Politica

Le capriole dei Cinquestelle per mascherare il nuovo condono

Arriverà con la legge di Bilancio esarà solo per gli evasori «poveri»

Gian Maria De Francesco

Roma «Gli evasori ringraziano per un condono, l'81esimo dall'Unità d'Italia, che rappresenta l'ennesimo sfregio ai contribuenti onesti. Malfattori del fisco si ritrovano così il cadeau di una totale impunità per tutte le loro malefatte». Sono passati quattro anni ma sembra trascorsa un'era geologica dal 18 ottobre 2014 allorquando i deputati Cinque stelle protestavano contro il governo Renzi per l'introduzione della voluntary disclosure, la procedura per denunciare i beni detenuti all'estero e non dichiarati al Fisco con uno sconto su sanzioni e interessi.

Ora la musica è cambiata perché M5S governa con la Lega e quest'ultima non intende rinunciare alla pace fiscale, cioè a condono tombale per estinguere le pendenze con le Entrate e con la Riscossione. «Il saldo e stralcio era anche nel programma del M5S e dice che le tasse si devono pagare, ma se a un certo punto tra le parti più deboli della società c'è chi non è riuscito a pagare ed è finito nel vortice Equitalia-Agenzia delle Entrate che non gli permette di ripartire, il principio saldo e stralcio gli dice questo: Chiudiamola così con un forfettario e puoi ripartire». Il vicepresidente del Consiglio, Luigi Di Maio, ieri su La7 ha spiegato così la misura che dovrebbe essere varata con il collegato fiscale alla legge di Bilancio 2019, precisando che non è un condono perché «non riguarda i grandi evasori e i potentati del Paese come lo scudo fiscale che serviva a far rientrare i soldi della mafia al 5%, serve ad aiutare la gente che è rimasta sul campo».

Più che una doppia morale è un vero e proprio caso di disturbo bipolare traslato a livello politico.

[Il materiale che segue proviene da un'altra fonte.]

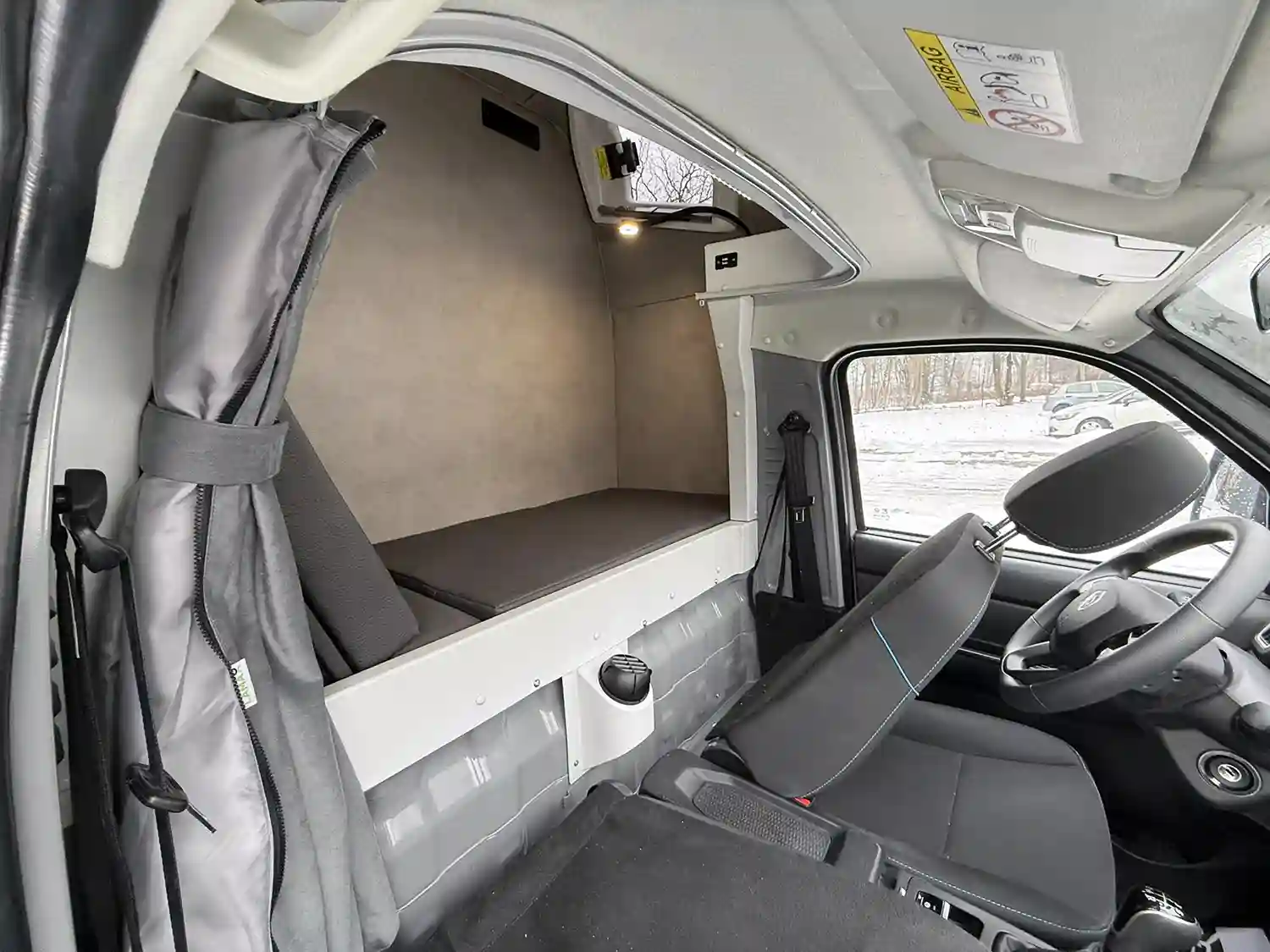 Piaggio Porter NP6 Travel Cab XS, conversie poloneză cu spațiu de dormit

Il Movimento, infatti, è sempre stato molto ambiguo sulla questione: se i problemi con il Fisco attengono a un privato cittadino a basso reddito o a una pmi, il cattivo è lo Stato. Se, viceversa, a restare intrappolata è una persona facoltosa o una grande impresa, allora si ha a che fare con eversivi evasori.

Basti pensare all'attuale viceministro dell'Economia, Giulia Grillo che in piena stesura del contratto di governo tuonava: «Non si farà mai un condono, non è il bene della politica». Basta farlo diventare un «saldo e stralcio» e il condono diventa la bella politica. D'altronde, è anche una necessità oggettiva quella di incrementare le entrate per finanziare temporaneamente, trattandosi di una tantum, reddito di cittadinanza o riforma Irpef. Secondo i primi calcoli effettuati al Tesoro, si potrebbero ottenere circa 3,5 miliardi, un valore ben al di sotto dei 60 miliardi in due anni teorizzati dalla mente economica della Lega Armando Siri. Anche perché sarebbe intenzione non sovrapporre il condono con la rottamazione del governo Gentiloni.

Resta un dato di fatto: c'è da aspettarsi di tutto da un partito fondato da un comico che ha sempre lanciato anatemi contro gli evasori dopo aver aderito ai condoni del 2002 e del 2003.